La pub, à nouveau, peut y jouer sa partition. Elle le fait déjà en incitant les marques à la générosité, l’une après l’autre elles s’engagent dans la défense des grandes causes, et la lutte contre les grands périls. Une course a l’exemplarité imposée. Les réseaux sociaux veillant au grain, prêts à se mobiliser au moindre dérapage. A la valeur d’usage et d’image qui forgeait une réputation dans les années passées, se joint une obligation de valeur sociale ajoutée. Le hit parade des 100 leaders de « Fortune » montre que les 50 entreprises les plus « responsables » ont réalisé une performance boursière supérieure (+ 16%). Les voici entrées à part entière dans le grand concert de l’économie positive, celle du cœur et pas seulement du portefeuille. Havas la première a crée l’ONG One Young World et rassemble chaque année plusieurs milliers de jeunes leaders porteurs des idées d’avenir afin de les guider dans leur aventure. « Un bien faire et faire le bien » que David Jones décrit dans son opus sur les médias sociaux*.
Ultime danger à éviter, sous peine de dynamiter le système : la dictature de Big Brother. Depuis dix ans la société américaine Intellius nous livre à site ouvert : le tout savoir sur tout individu.
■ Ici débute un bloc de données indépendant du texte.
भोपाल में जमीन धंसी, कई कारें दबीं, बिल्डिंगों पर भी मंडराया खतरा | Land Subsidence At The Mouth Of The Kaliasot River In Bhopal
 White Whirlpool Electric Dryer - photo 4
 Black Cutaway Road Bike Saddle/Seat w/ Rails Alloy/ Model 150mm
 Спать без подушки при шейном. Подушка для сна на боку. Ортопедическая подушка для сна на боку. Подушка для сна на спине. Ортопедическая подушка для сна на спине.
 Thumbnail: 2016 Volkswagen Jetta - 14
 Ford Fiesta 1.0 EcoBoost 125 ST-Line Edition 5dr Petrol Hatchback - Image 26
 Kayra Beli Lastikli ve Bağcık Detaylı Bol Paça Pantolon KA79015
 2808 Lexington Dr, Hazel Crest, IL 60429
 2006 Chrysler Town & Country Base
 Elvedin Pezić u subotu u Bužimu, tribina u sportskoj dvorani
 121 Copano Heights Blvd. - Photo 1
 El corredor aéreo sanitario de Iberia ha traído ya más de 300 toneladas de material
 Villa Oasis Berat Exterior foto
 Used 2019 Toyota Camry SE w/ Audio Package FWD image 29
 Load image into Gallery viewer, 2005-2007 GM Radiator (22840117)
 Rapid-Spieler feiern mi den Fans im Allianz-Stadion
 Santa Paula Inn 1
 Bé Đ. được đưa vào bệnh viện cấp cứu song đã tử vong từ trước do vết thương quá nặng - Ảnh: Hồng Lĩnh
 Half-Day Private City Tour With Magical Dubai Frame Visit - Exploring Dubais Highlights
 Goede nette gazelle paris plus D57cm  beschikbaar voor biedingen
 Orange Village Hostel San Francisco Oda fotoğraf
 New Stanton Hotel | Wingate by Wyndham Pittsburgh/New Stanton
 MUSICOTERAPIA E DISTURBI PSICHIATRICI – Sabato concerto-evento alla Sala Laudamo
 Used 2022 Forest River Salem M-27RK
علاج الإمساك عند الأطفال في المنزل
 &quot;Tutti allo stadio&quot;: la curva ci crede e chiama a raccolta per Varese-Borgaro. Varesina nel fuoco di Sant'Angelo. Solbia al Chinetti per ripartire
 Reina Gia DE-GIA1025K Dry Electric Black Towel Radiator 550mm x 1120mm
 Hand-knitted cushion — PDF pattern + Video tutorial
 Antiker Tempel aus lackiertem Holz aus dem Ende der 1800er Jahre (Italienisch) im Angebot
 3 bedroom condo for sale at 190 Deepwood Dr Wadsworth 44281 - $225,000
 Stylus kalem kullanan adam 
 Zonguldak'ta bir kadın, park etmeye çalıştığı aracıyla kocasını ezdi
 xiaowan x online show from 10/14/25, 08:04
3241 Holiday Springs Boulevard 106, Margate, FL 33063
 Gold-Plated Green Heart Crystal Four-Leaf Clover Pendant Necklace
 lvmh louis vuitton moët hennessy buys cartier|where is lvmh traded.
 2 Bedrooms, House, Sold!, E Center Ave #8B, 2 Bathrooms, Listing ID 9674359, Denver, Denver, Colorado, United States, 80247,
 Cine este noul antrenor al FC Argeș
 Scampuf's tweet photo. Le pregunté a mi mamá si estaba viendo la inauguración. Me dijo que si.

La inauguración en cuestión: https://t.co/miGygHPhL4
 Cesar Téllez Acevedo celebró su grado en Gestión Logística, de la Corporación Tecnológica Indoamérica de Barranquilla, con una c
Ni mystère de son parcours de vie et son parcours quotidien, ni secret de ses peines et de ses amours.
Les marketeurs y voient l’aubaine de communiquer en direct une offre d’achat spécifique et ciblée sur les lieux même de l’acte, à l’instant crucial où
l’acheteur hésite. Attention danger ! A passer les bornes de la « privacy » nous ne pouvons qu’espérer le retour d’ Orwell et de son 1984.
A ce rythme à mi siècle chaque terrien, tel un chien, sera badgé d’une puce technologique, son visage stocké en banque de données, ses iris scannés, ses empreintes numérisées, sera t-il homme ou déjà robot ? Le portable sera devenu insupportable.
Notre meilleur ami et meilleur ennemi, antidote à la solitude mais espion omniprésent, en direct sur l’info mais mouchard localisant chacun de nos gestes. Facebook nous aura, dès l’enfance, livré corps et âme aux géolocalisateurs du marketing comme de la police. Chaque seconde de notre vie pourra être retenue contre nous.
Nous serons en auto-confession permanente. La science ne sera plus fiction mais réalité. Notre vie privée rendue publique, de vidéosurveillance en vidéo-protection, ne nous appartiendra plus, nous l’aurons donné en offrande publique à Big Brother devenu Big Voyeur et Big Profiteur.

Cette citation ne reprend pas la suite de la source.